# WHAT TO PRODUCE:
Write down exactly the lines of the listing below, beginning with the one containing "Trans-Dapt 7429 HEMI" and closing with the final line.

# DATA EXCERPTS:

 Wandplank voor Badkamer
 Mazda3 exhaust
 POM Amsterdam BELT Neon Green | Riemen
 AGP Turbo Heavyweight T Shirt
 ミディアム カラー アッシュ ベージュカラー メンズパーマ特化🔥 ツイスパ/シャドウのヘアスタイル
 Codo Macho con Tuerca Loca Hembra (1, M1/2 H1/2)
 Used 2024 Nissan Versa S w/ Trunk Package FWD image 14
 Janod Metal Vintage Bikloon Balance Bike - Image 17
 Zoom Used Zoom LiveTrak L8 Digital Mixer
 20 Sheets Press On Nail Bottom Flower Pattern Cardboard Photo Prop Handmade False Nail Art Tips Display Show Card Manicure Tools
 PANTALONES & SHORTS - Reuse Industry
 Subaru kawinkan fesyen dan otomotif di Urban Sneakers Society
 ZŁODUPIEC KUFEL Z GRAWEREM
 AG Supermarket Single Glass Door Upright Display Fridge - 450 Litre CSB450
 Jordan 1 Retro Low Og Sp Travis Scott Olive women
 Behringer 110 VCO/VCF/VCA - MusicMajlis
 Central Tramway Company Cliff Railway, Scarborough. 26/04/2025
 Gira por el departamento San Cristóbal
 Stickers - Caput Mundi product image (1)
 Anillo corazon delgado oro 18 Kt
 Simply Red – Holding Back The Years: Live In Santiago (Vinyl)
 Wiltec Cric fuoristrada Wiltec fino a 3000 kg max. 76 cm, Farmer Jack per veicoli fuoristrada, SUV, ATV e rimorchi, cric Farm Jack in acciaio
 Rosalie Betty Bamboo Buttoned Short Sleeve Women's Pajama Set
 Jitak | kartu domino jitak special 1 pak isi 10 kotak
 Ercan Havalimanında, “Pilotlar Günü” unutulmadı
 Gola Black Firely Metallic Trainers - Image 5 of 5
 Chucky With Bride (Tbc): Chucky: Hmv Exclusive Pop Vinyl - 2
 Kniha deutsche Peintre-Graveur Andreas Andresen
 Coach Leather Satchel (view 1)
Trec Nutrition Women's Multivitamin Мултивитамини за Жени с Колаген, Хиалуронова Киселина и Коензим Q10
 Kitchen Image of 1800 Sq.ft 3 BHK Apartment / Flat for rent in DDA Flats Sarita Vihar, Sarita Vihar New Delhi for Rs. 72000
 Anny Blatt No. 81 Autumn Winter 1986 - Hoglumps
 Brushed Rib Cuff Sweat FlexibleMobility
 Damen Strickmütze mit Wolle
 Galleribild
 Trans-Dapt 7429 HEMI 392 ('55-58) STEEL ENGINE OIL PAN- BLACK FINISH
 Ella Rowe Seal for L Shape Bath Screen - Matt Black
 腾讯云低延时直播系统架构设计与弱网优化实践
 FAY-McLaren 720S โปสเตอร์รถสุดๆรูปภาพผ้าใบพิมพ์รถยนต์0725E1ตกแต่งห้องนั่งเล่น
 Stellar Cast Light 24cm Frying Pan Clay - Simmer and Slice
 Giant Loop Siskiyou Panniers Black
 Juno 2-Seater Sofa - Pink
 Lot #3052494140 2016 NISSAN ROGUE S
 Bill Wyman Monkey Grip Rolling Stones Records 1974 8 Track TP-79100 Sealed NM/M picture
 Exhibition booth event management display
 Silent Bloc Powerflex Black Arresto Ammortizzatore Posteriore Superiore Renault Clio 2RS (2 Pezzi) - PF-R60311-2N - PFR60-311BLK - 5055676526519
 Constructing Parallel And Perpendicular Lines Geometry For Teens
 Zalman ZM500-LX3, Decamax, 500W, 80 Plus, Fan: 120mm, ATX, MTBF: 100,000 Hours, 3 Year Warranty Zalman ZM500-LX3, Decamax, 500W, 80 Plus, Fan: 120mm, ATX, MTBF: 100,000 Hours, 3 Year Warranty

# RESPONSE BOX:
 Trans-Dapt 7429 HEMI 392 ('55-58) STEEL ENGINE OIL PAN- BLACK FINISH
 Ella Rowe Seal for L Shape Bath Screen - Matt Black
 腾讯云低延时直播系统架构设计与弱网优化实践
 FAY-McLaren 720S โปสเตอร์รถสุดๆรูปภาพผ้าใบพิมพ์รถยนต์0725E1ตกแต่งห้องนั่งเล่น
 Stellar Cast Light 24cm Frying Pan Clay - Simmer and Slice
 Giant Loop Siskiyou Panniers Black
 Juno 2-Seater Sofa - Pink
 Lot #3052494140 2016 NISSAN ROGUE S
 Bill Wyman Monkey Grip Rolling Stones Records 1974 8 Track TP-79100 Sealed NM/M picture
 Exhibition booth event management display
 Silent Bloc Powerflex Black Arresto Ammortizzatore Posteriore Superiore Renault Clio 2RS (2 Pezzi) - PF-R60311-2N - PFR60-311BLK - 5055676526519
 Constructing Parallel And Perpendicular Lines Geometry For Teens
 Zalman ZM500-LX3, Decamax, 500W, 80 Plus, Fan: 120mm, ATX, MTBF: 100,000 Hours, 3 Year Warranty Zalman ZM500-LX3, Decamax, 500W, 80 Plus, Fan: 120mm, ATX, MTBF: 100,000 Hours, 3 Year Warranty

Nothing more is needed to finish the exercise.